"Yarın yine devam ederim. Gözlerinden."Cemal Süreya
•Manolya Bahçesi•
***************
Yüreğimdeki ferahlığa bir nefes daha çektim burnumu gıdıklayan tuzlu denizin havasından. Üzerimdeki kısa gecelik salındıkça salındı rüzgarın ahengiyle. Saçlarıma tutturduğum tokalar hafif esintinin saçlarımı önüme sürmesine engel olmaya yetmişti. Kapalı olan göz kapaklarıma değen güneş ışıkları tatlı bir sıcaklık bırakmıştı üzerimde. Değip geçmişti yazın son demleri. Eylüle girmemize rağmen Antalya yazından bir şey kaybetmemişti. Böyleydi buralar. Kış geç uğrardı bu kıyılara.
Sabahın altısında uyanmış üzerimi bile değiştirmeden Ateş'le dün gece geldiğimiz Bungalov'un küçük bahçesindeki havuzun ucunda dikilmiştim. Evet bunu yapmıştık. Abim dışında diğer aile bireylerini ikna etmek sandığım kadar zor olmamıştı. Üç gündür aile evindeydik fakat oradaki kalabalık bana iyi gelmiyordu. İki günlüğüne buraya gelmiştik.

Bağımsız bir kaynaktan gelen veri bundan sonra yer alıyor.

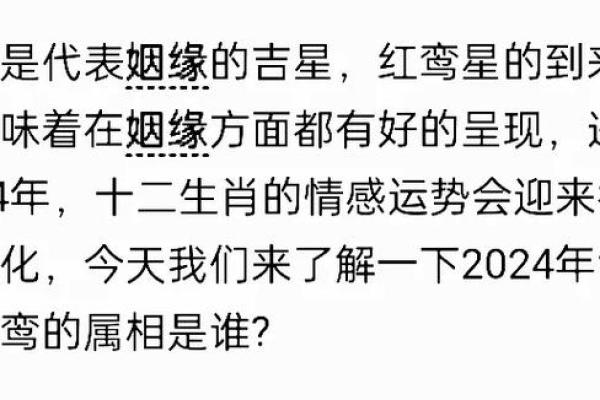 属猪2025遇红鸾_95属猪2025正缘出现时间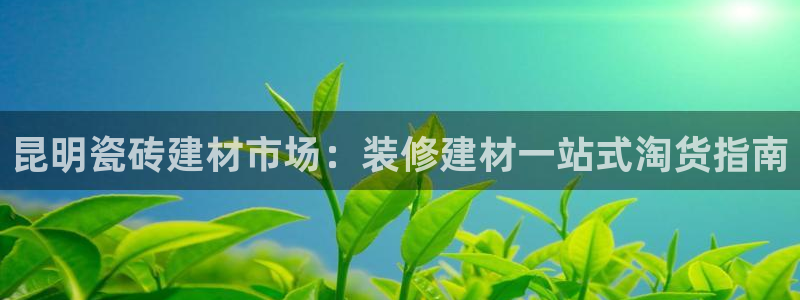 杏鑫平台代理注册流程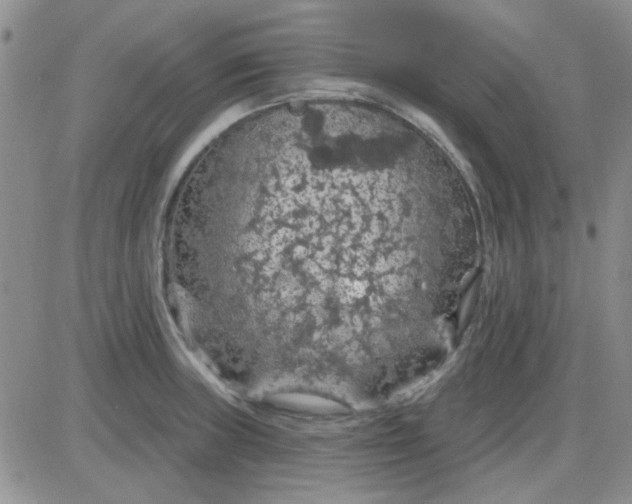 X0000085301235200703231850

Anneannemin onayını almak normal şartlarda zor diyebileceğim bir durumken şaşırtıcı bir şekilde kabul etmişti bu isteğimi.
Sabahın ilk ışıkları tenimden süzülürken belimden karnıma süzülen başka bir şey daha vardı. "Sevgilim." diyen boğuk sesin sahibine yasladım sırtımı. "Neden uyanıksın bu saatte ?" O askerliğin verdiği bir dinçlikle çoğunlukla bu periyotta uyanıyordu fakat ben mesai günlerim dışında olan her günü uyuyarak değerlendiren bir doktordum. Artık öyle miydim orası muammaydı.
Başım omzuna yaşlandığında sağ elim arkama, yüzüne doğru uzandı. Parmağımdaki yüzük güneşin altında parlıyordu. Başını boyun girintime gömdüğünde burnu kıvrımlarıma sürtüyordu. "Bilmem. Uyku tutmadı sanırım." Uykumdan çınlamalarla uyanmıştım ve başım ağrıyordu. Boynumda dudaklarını hissettiğimde kollarının arasında dönerek kollarımı boynuna doladım. "Sen ?" Hep bu saatlerde uyandığını biliyordum. O yataktan kalktıktan sonra ben de istemsizce uyanıyor, sonrasında uykuma devam edemiyordum. O olmadan uyumak, sokakta kalmakla aynı şeydi.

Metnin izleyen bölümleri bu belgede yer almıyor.